Thanks for the replies so far. I will be picking up a nuc mid April and I guess if I decide to go ahead I will prepare with another setup. I am finding this almost overwhelming.


----------



## Alto Beek (Jun 26, 2021)

renewbee said:


> Thanks for the replies so far. I will be picking up a nuc mid April and I guess if I decide to go ahead I will prepare with another setup. I am finding this almost overwhelming.


I started last year and had similar feelings. I decided that beekeeping does not have to be rocket science, it's been around for hundreds (if not thousands) of years. I just dived in, read some stuff, watched some stuff bought some stuff and it seemed to work OK. Worrying about every detail will drive you nuts - don't do it. Even if you are not successful (by your own standards) it's not the end of the world, life goes on.

Best of luck, try to enjoy the new hobby.


----------



## Vance G (Jan 6, 2011)

renewbee said:


> I thought I wanted to try my hand at having a hive of honey bees. Now I am not so sure. I only have one hive consisting of 1 deep and 2 medium boxes. From reading this forum I almost feel as though having just one hive is not feasible. Being alone in this endeavor, should I scrap the dream and just buy my honey? I am in SE TN in a very rural location with a few fruit trees and only non intentional wild flowers. Any help or advice is appreciated.


Trees might be your big source of nectar in your area and you may be in a fantastic location. You also need to remember that your bees are not just harvesting the few flowers in you view from the house, but up to three miles in every direction. Two hives or more definately makes life easier but one is certainly OK for a start especially when you have the equipment. Good luck and have fun.


----------



## HarryVanderpool (Apr 11, 2005)

Do you have a local Beekeepers Association?
That can really help when you're getting started.


----------



## GaryA (10 mo ago)

I say: Keep at it! Beekeeping is one of those endeavors that although reading, watching, and discussing with folks helps... nothing beats personal experience. You'll have some troubles, yes, but if you learn from those issues you'll do fine. If it's not too late to get another hive (nuc) and supplies to get another one going, a second hive helps to minimize losses. But it isn't mandatory. And as far as resources are concerned, you'll be amazed at how much pollen and nectar your bees will bring in, even though you might not think there is much out there - they'll do fine.


----------



## renewbee (10 mo ago)

HarryVanderpool said:


> Do you have a local Beekeepers Association?
> That can really help when you're getting started.
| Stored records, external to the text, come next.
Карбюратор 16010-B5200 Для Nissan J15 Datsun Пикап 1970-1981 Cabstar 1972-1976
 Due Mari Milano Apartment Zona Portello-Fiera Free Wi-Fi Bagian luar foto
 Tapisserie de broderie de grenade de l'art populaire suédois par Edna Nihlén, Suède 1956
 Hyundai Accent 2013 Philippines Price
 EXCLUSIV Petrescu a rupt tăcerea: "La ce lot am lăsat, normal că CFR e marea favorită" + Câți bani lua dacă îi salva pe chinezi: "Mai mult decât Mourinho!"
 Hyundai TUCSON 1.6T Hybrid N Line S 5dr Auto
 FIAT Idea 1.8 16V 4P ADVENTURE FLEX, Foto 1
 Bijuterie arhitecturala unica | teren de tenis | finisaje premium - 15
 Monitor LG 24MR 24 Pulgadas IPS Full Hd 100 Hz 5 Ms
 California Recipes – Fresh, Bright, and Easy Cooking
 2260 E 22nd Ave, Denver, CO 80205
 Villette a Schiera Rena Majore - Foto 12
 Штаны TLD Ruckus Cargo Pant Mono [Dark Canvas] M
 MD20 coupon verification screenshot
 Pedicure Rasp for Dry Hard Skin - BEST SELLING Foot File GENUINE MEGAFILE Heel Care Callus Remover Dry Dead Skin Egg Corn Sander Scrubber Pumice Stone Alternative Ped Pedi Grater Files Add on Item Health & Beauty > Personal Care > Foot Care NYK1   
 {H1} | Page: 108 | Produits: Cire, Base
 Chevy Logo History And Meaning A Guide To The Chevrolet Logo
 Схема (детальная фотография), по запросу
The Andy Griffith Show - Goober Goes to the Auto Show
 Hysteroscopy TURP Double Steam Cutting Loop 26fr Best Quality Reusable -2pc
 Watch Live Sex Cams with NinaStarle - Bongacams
I believe there is a local association. I will look into meeting up with them. Thank you.


----------



## G3farms (Jun 13, 2009)

What county are you in?









Tennessee


ANDERSON COUNTY BKPRS ASSOC Clinton, TN www.acbeekeepers.org BEEKEEPERS OF MIDDLE TENNESSEE Franklin, TN http://www.hivetool.com/bmt BLOUNT COUNTY BKPRS ASSOC Maryville, TN http://blountbees.wordpress.com CHEROKEE BKPRS ASSOC Athens, TN http://cherokeebeekeepers.blogspot.com/ CHETHAM COUNTY...




www.beesource.com


----------



## RayMarler (Jun 18, 2008)

It's sounding to me like you are trying to give yourself an excuse to give up before you even get started. Heck, what's the worse that can happen? Bees swarm? Bees don't give you any honey the first year? They die over winter? So what, it's no big loss, there are many hives and you can't do any harm trying out beekeeping. I say get in the saddle and ride, even if just to say you tried it. You might find out it's the most interesting and rewarding thing you've ever done.


----------



## renewbee (10 mo ago)

G3farms said:


> What county are you in?
> 
> 
> 
> ...


Marion County. I am pretty sure Hamilton County has an association.


----------



## renewbee (10 mo ago)

RayMarler said:


> It's sounding to me like you are trying to give yourself an excuse to give up before you even get started. Heck, what's the worse that can happen? Bees swarm? Bees don't give you any honey the first year? They die over winter? So what, it's no big loss, there are many hives and you can't do any harm trying out beekeeping. I say get in the saddle and ride, even if just to say you tried it. You might find out it's the most interesting and rewarding thing you've ever done.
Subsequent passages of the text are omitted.